Dr. Aviva Goldstein is an educational consultant and family counselor. Her private practice focuses on child and adolescent development, parenting and family cohesion. After making Aliyah from New York, she now lives with her family in Jerusalem. She can be contacted at DrAvivaGoldstein@gmail.com
Any transition can be challenging. Moving to a new country, across the world, and starting from scratch in a foreign language can be daunting. Here are some simple ways that you can make the move slightly easier for you and for your children.
Work on your Hebrew
No one expects new Olim (immigrants) to climb down from the plane and be fluent in Hebrew, but the broader the vocabulary you have, the easier things will be. While still living abroad, you can hire a local tutor, find an online Ulpan or download any number of apps to build toward fluency. Guide your kids to develop a collection of words that will be helpful and relevant to their lives here (NBN has an great kids dictionary you can download here). Knowing basic words like “bathroom” or “pencil case” can be comforting to kids, as can phrases like, “can I use the phone” or “what time is it?” Accessing language helps us access our experiences, and having Hebrew in your toolbox is a great way to help ease the transition.
Being able to sing Twinkle Twinkle Little Star is a result of being immersed in Anglo culture, either because of your experience as a child or a parent. The same goes for knowing the names (and the music) of contemporary musicians. Start immersing yourself and your kids in Israeli music before the move. Most Israeli radio stations have live streaming on their websites (as well as social media channels) and your younger ones can watch videos on YouTube of classic Israeli preschool songs or TV shows. There will be so much that your kids won’t know for a while, let them at least know the songs that their new friends will be singing. Especially for your older kids, it’s one step closer to fitting in and feeling at home.
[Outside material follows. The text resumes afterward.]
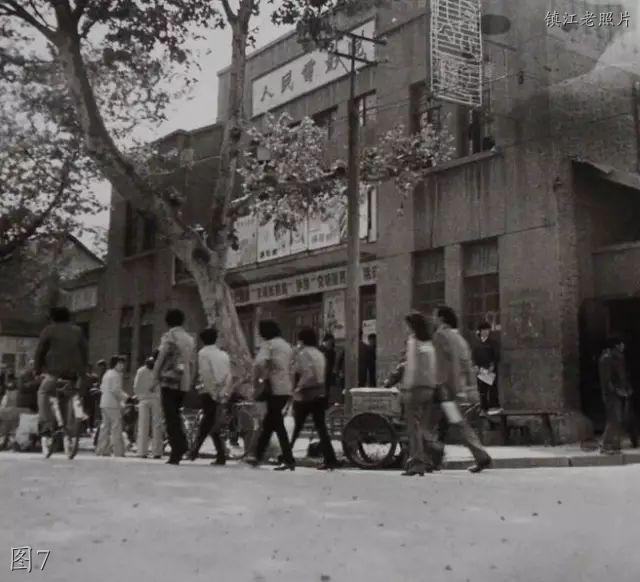 那个时候去人民电影院看一场电影…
Join as many relevant social media groups as you can find. A quick search will help you connect with Anglo parents in Israel, veteran Olim who are happy to offer help, as well as others boarding flights in the coming months. Nefesh B’Nefesh runs a number of active and vibrant Facebook groups, so join the conversation. Wondering how to navigate the system here with a child with ADHD? There’s a group for that. Trying to figure out the best Kupat Cholim (health care provider) in your area? Chances are there’s an English community group for that. Use search terms that are relevant to your needs and take advantage of the access to ask as many questions as you can.
Images to help imagine
It’s common to feel anxious about the unknown. Thanks to the internet, you can minimize some of the mystery for your kids (and yourself!) Take advantage of Google Street View to look at possible neighborhoods, schools and parks. Search for pictures of ice cream shops, supermarkets, and places you might visit on vacations. The more kids can envision what life might actually look like, the less unknown there is to fear. (Even Shalom Sesame, which is geared towards younger kids, often has great videos of contemporary Israel.)
Talk it out!
Find times to have clear and detailed conversations with your kids. Why are you making this move? What are you hoping your family will gain? What makes you excited about Aliyah? What are you nervous about? Research shows us that parents make assumptions that their kids already know why their parents make decisions, but in reality that assumption is often unfounded. So don’t assume your kids already know your fundamental motivations behind this move – say it out loud and be honest with them. And even if they do know it, it doesn’t hurt to repeat it – you’ll even remind yourself in the process.